Work instruction
The data must be given again exactly as written, with all images omitted.

-------- Information shown

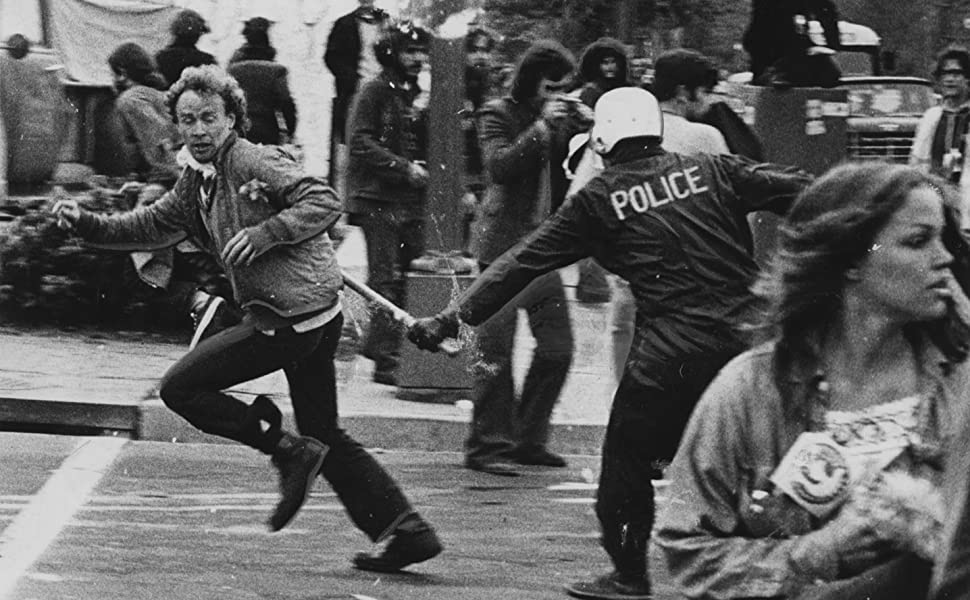 Riot squads sweep aggressively through D.C. neighborhoods. Photo by Douglas Chevalier/Washington Post
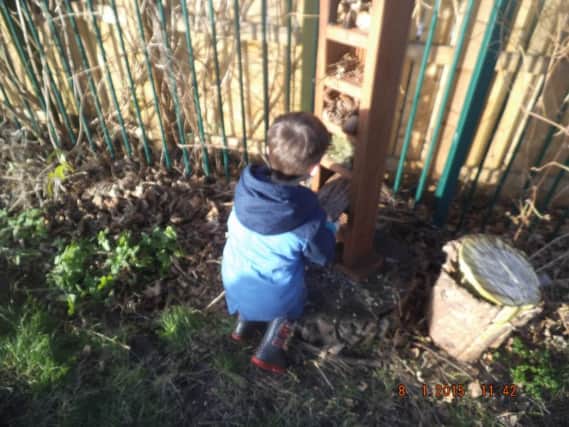 A Helen Gibson Nursery school pupil enjoys an outdoor activity in the garden.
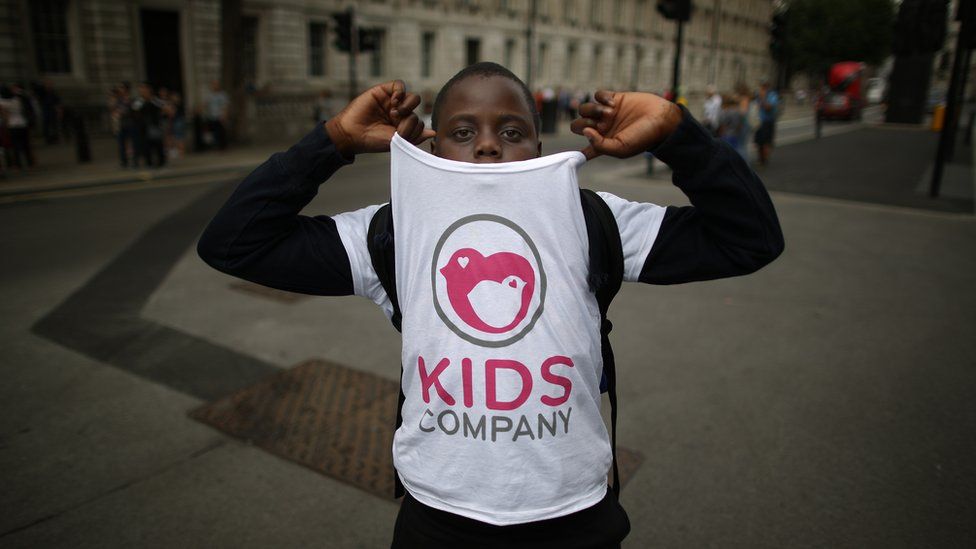 A young protestor on Whitehall in the week of the charity's closure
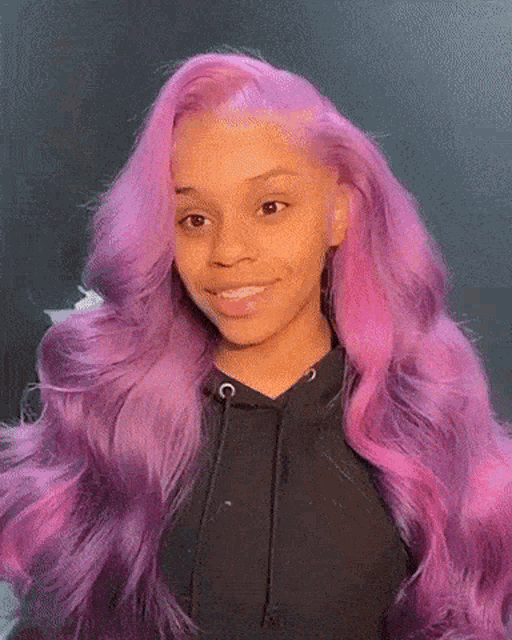 a woman with long purple hair is wearing a black hoodie .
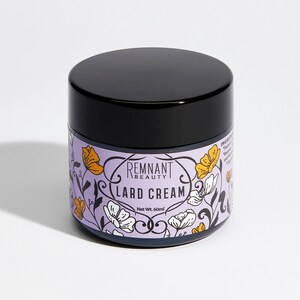 May include: A white jar with a black lid and a floral design. The jar is labeled "Remnant Beauty Lard Cream" and "Net Wt. 60 ml".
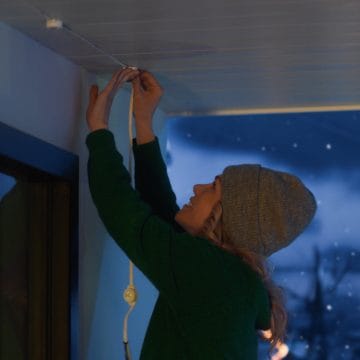 Une femme installe une guirlande blanche de lumières d’extérieur permanentes Festavia.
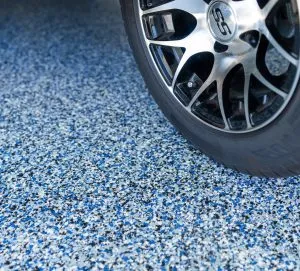 tire on top of garage floor coating that stands up to heavy objects and repels tire marks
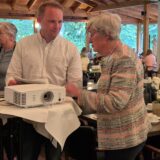 Ein Mann und eine Frau stehen an einem Stehtisch und unterhalten sich. Im Hintergrund sitzen Menschen an gedeckten Tischen. Auf dem Stehtisch steht ein Beamer.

----------------

Exercise answer
 Riot squads sweep aggressively through D.C. neighborhoods. Photo by Douglas Chevalier/Washington Post
 A Helen Gibson Nursery school pupil enjoys an outdoor activity in the garden.
 A young protestor on Whitehall in the week of the charity's closure
 a woman with long purple hair is wearing a black hoodie .
 May include: A white jar with a black lid and a floral design. The jar is labeled "Remnant Beauty Lard Cream" and "Net Wt. 60 ml".
 Une femme installe une guirlande blanche de lumières d’extérieur permanentes Festavia.
 tire on top of garage floor coating that stands up to heavy objects and repels tire marks
 Ein Mann und eine Frau stehen an einem Stehtisch und unterhalten sich. Im Hintergrund sitzen Menschen an gedeckten Tischen. Auf dem Stehtisch steht ein Beamer.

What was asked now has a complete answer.